If your Slackware packages are located somewhere below /mirror/slackware
(like in our example network), the above line makes this directory tree
available (read-only) to NFS clients in the local network defined by the IP
address range 192.168.0.0/24.
If you had to add this line to your /etc/exports file, you will need to
restart the NFS server:

  /etc/rc.d/rc.nfsd restart

For simplicity's sake:
The remainder of this chapter is a bullet list of the steps required if you
just want to have this working and have no prior experience with NFS nor have
such a server running at the moment (remember that any pathnames/IP addresses
that are used here apply to our example network - adjust as needed):

(*) Create a file named /etc/exports with the following content:

      /mirror/slackware       192.168.0.0/24(ro,sync,insecure,all_squash)

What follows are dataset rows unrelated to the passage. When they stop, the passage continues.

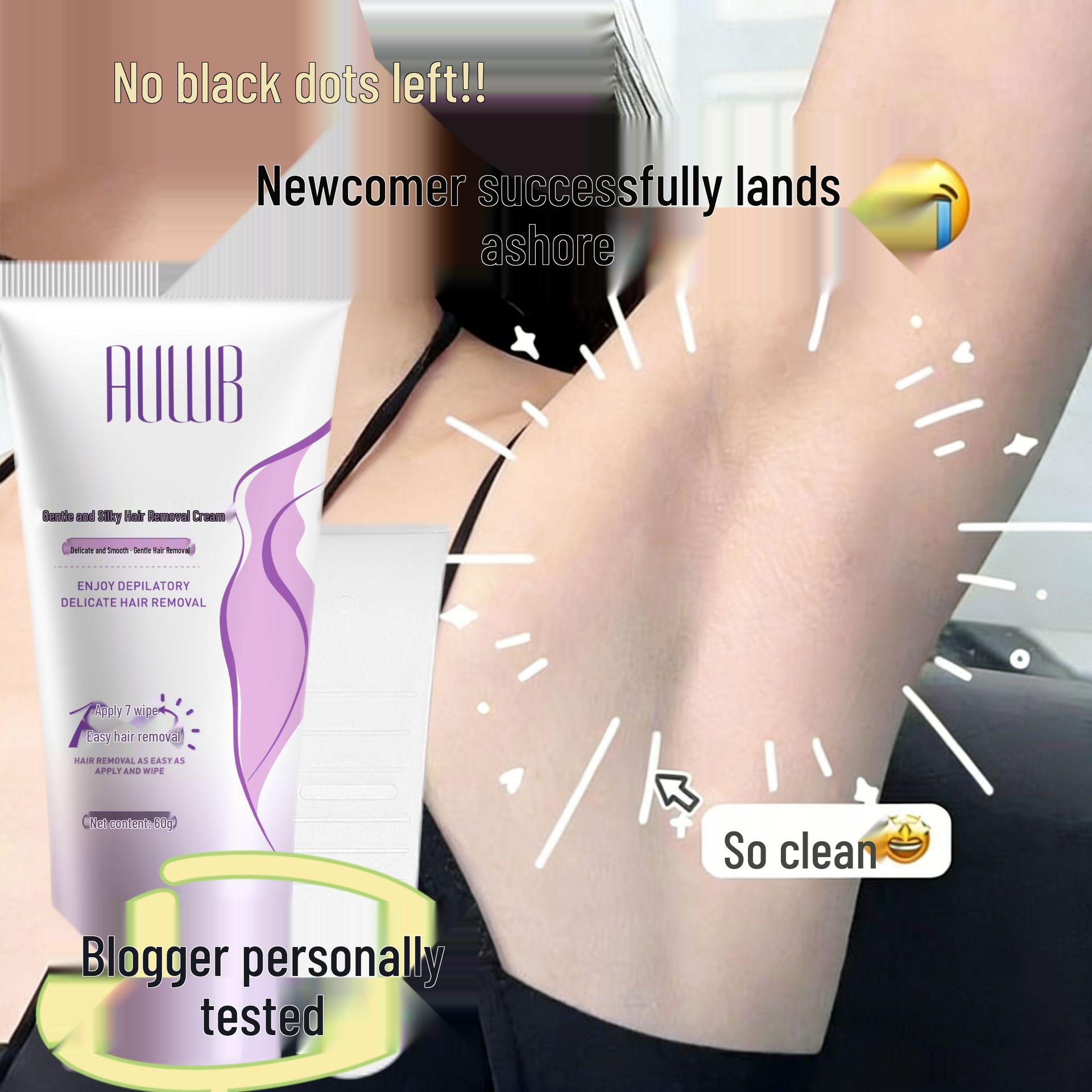 Gentle AUWB Unisex Hair Removal Cream - Painless, Soothing, No Black Spots, Non-Irritating for Arm & Leg Hair. Bottle
Gentle AUWB Unisex Hair Removal Cream - Painless, Soothing, No Black Spots, Non-Irritating for Arm & Leg Hair. Bottle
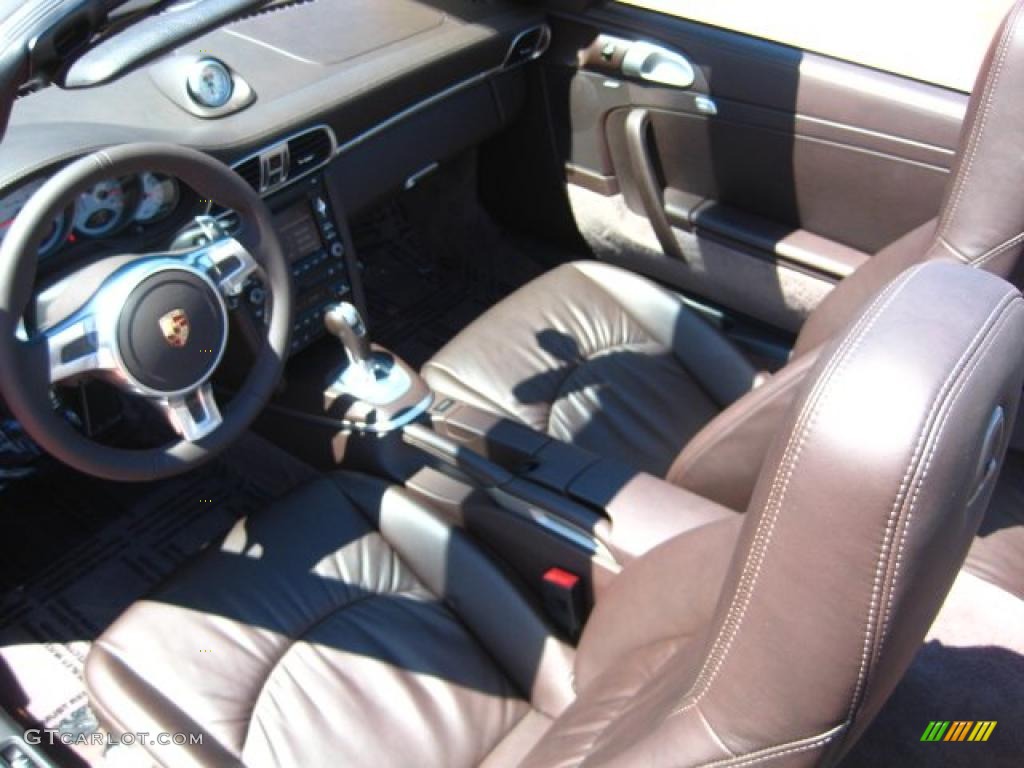 2011 911 Turbo S Cabriolet - Meteor Grey Metallic / Cocoa photo #5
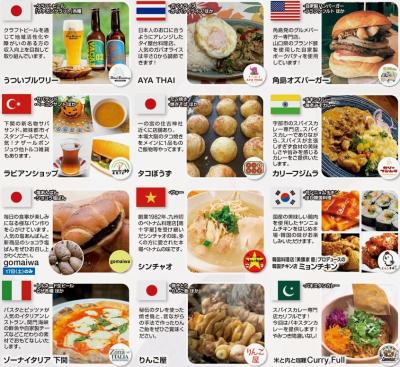 多国籍屋台広場出店店舗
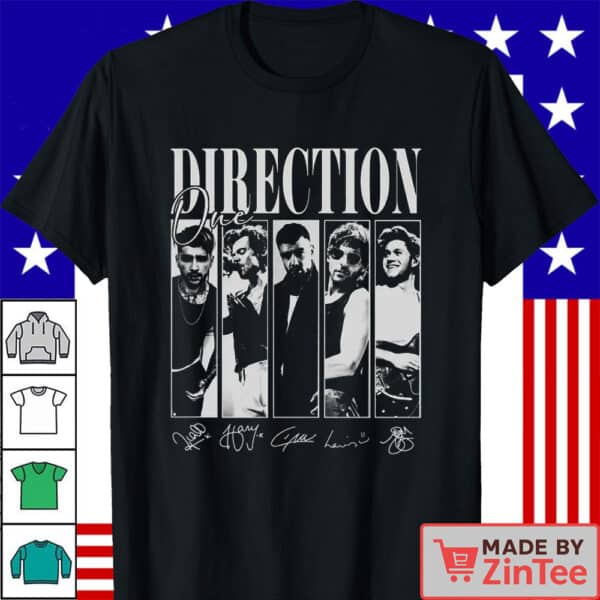 Vintage One Direction Shirt, Retro Direction Music Album Shirt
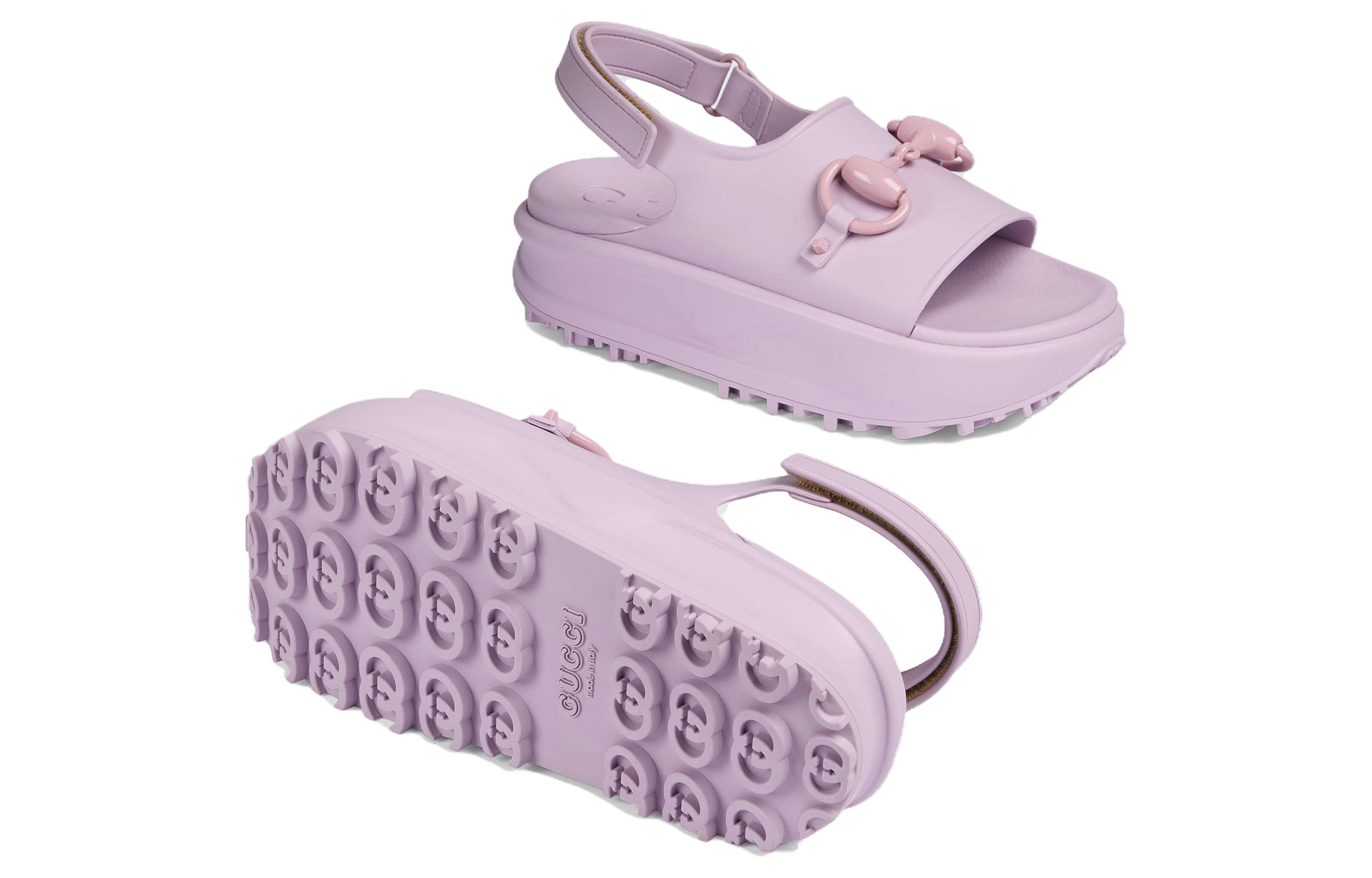 Details for (W) Sandali Platform Gucci Horsebit ''Rosa Chiaro'' 742435-JAAC9-6816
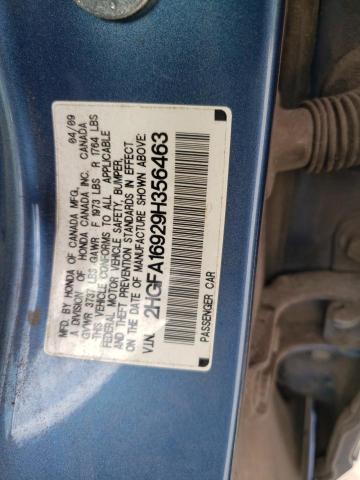 Photo 10 from auction – 2009 HONDA CIVIC EXL with VIN 2HGFA16929H356463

(*) The directory mentioned in /etc/exports is the target where
    you copy (or move) your Slackware files to: The directory
    "/mirror/slackware/slackware-13.37" should be the root of the Slackware
    tree, containing such files as ChangeLog.txt and subdirectories like
    "slackware" (or "slackware64" if you are working with the 64bit port)
    and "kernels".

(*) Make the NFS server startup script executable so that the NFS server 
    will start on every boot:

      chmod +x /etc/rc.d/rc.nfsd

    Start the NFS server (so you don't have to reboot already):

      /etc/rc.d/rc.nfsd start


PXELinux configuration
----------------------

    The previous paragraph described in generic terms how to setup the TFTP
service, but it did not tell you how to populate the TFTP directory structure.
Network clients that request boot files from the TFTP server will receive
the files that are present in this directory structure.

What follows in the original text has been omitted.